# Wanted: Idea for a new story



## BloodAngelsfan (Jan 22, 2009)

I feel the urge to write a new story, yet lack inspiration on what to write about. Any creative input would be appreciated. I plan on beginning the story before the week is out, in a new thread, so I plan on checking frequently.:victory:


----------



## dotalchemy (Mar 4, 2009)

Something unique, something that hasn't been written about. Everyone and their mothers are writing about SM's and the Inquisition.

Write about something that isn't covered.

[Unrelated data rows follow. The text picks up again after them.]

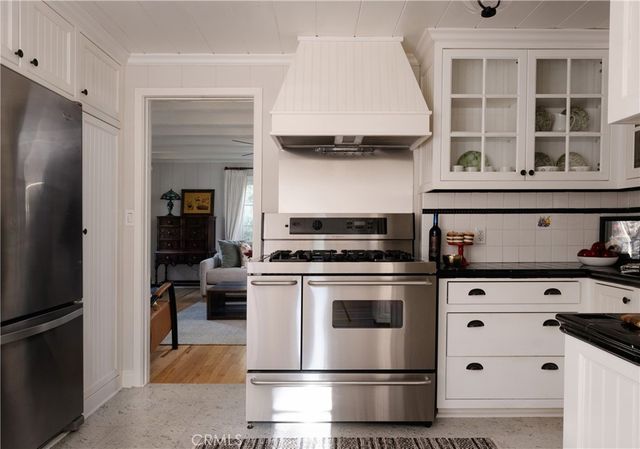 202 Maple Drive, Lake Arrowhead, CA 92352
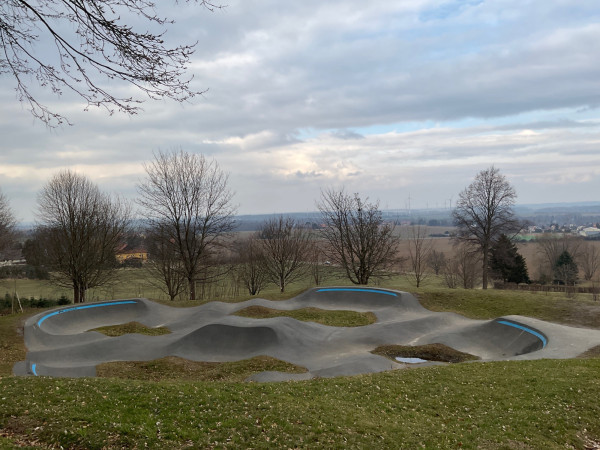 Pumptrack Anlage Freianlagen Funsport Outdoor Rollsport 5353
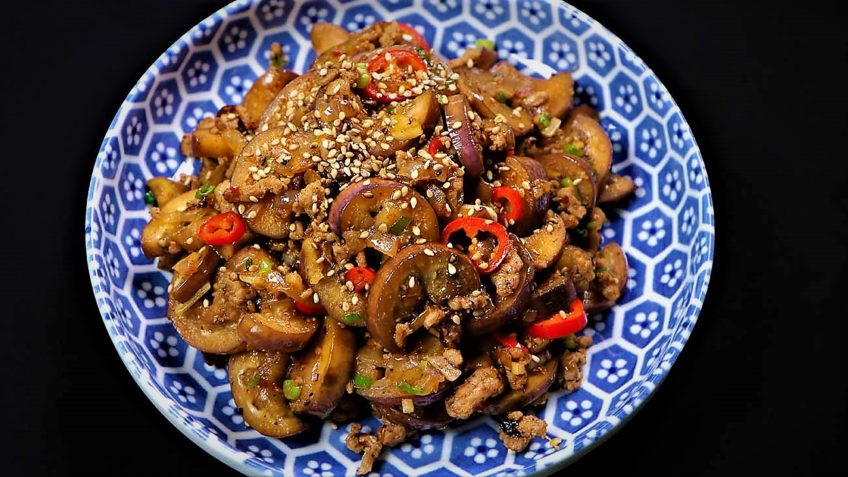 دستور تهیه ی خوراک بادمجان با گوجه یک شام سبک (مرحله به مرحله)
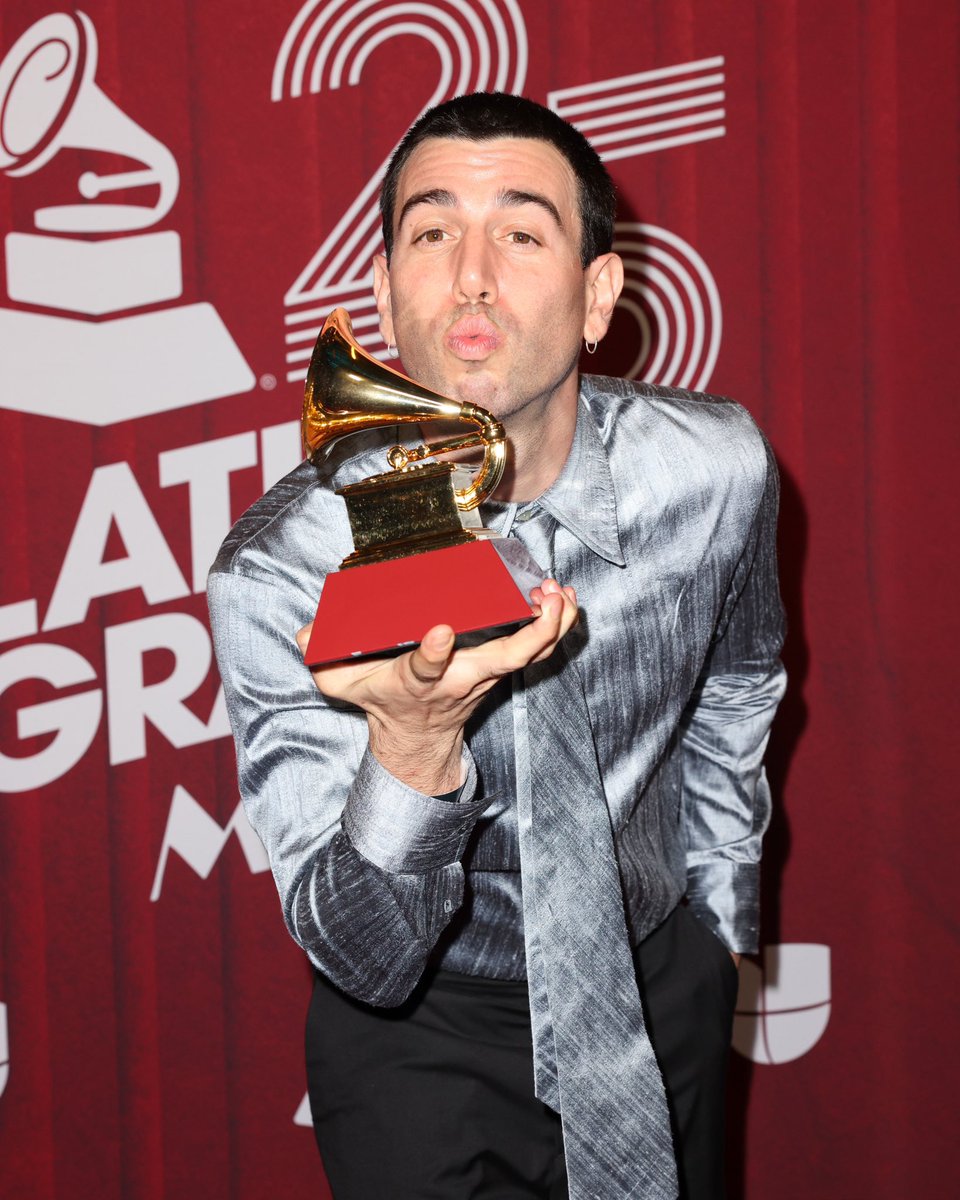 conociendorusia's tweet photo. Mi primer Grammy!!! Wowwwww
Estoy muy contento y agradecido por este reconocimiento tan grande. Que locura. Pasamos unos días buenísimos en Miami entre colegas festejando este encuentro tan especial que son los @LatinGRAMMYs https://t.co/JfggVBsSrN
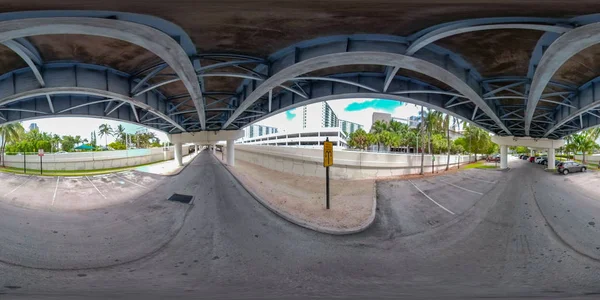 360 VR foto under en bro parkeringsplats sfäriska equirectangula — Stockfoto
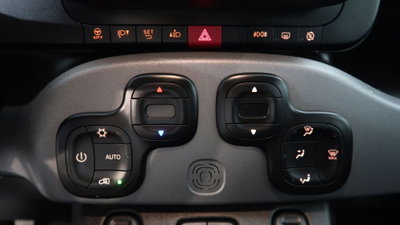 Fiat Panda 1.0 FireFly S&S Hybrid City Cross (15)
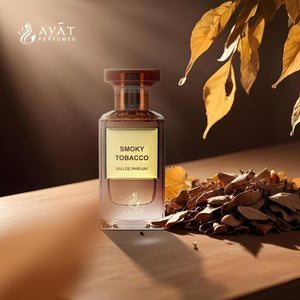 Ayat Smoky Tobacco apa de parfum 80 ml, sticlă maro cu etichetă aurie și ambalaj negru, pe fundal alb.
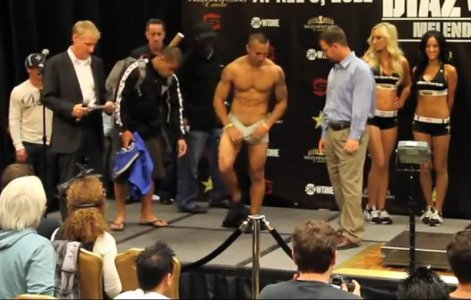 gstrik.jpg gstrik.jpg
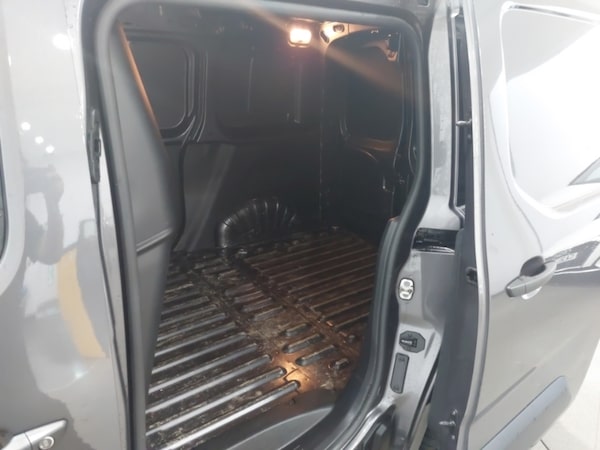 Used Peugeot Partner 2023 for sale - 76244355: Photo 6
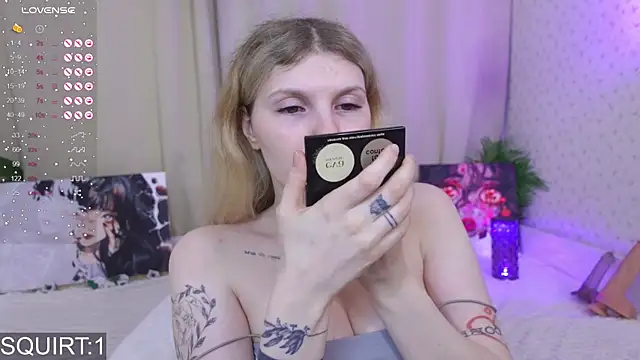 Snapshot of _aleksa_ chatting on September 22, 5:50 am  aleksa  online show from September 22, 5:50 am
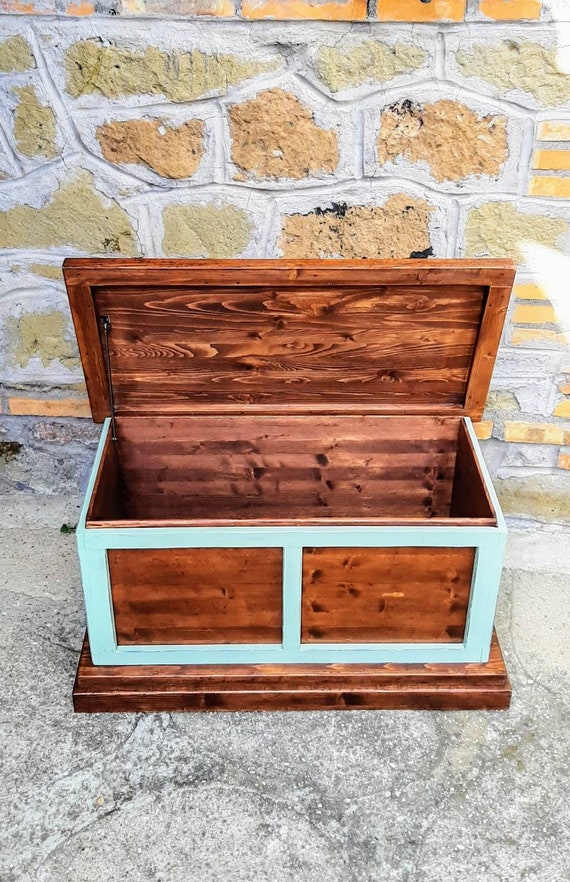 Antique wooden hat box made with fine wood antique luggage - Ruby Lane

Write about a Mechanicum freigher that drops out of the warp after experiencing issues with its Gellar Field generator and is almost immediately hailed by an unknown xenos race.

Take it from there.


----------



## BloodAngelsfan (Jan 22, 2009)

I like that idea, yet I may specify that it is not restricted to 40k or warhammer, any given idea is good. I'll probably follow up on that Idea though (actually started a miscellaneous story shortly after this was posted, on third page.) Keep the list coming, If I get enough ideas I'll have a nice workload.


----------



## Commissar Ploss (Feb 29, 2008)

Allow me to assist you. I actually covered this issue in my first Writer's Circle Discussion. As i assume the issue you are having would be none other than writer's block! sucks...i know... but i'll link the thread and i hope you'll take a look at it. It has lots of great ideas on how to break that blockage and find new inspiration. here you go.

Issue #1 - Writer's Block

and i also recommend checking out the rest of the Writer's Circle Discussions when you get a chance. We've got 14 topics so far and i've got more on the way.

hope this was helpful for you.

write on,

Commissar Ploss


----------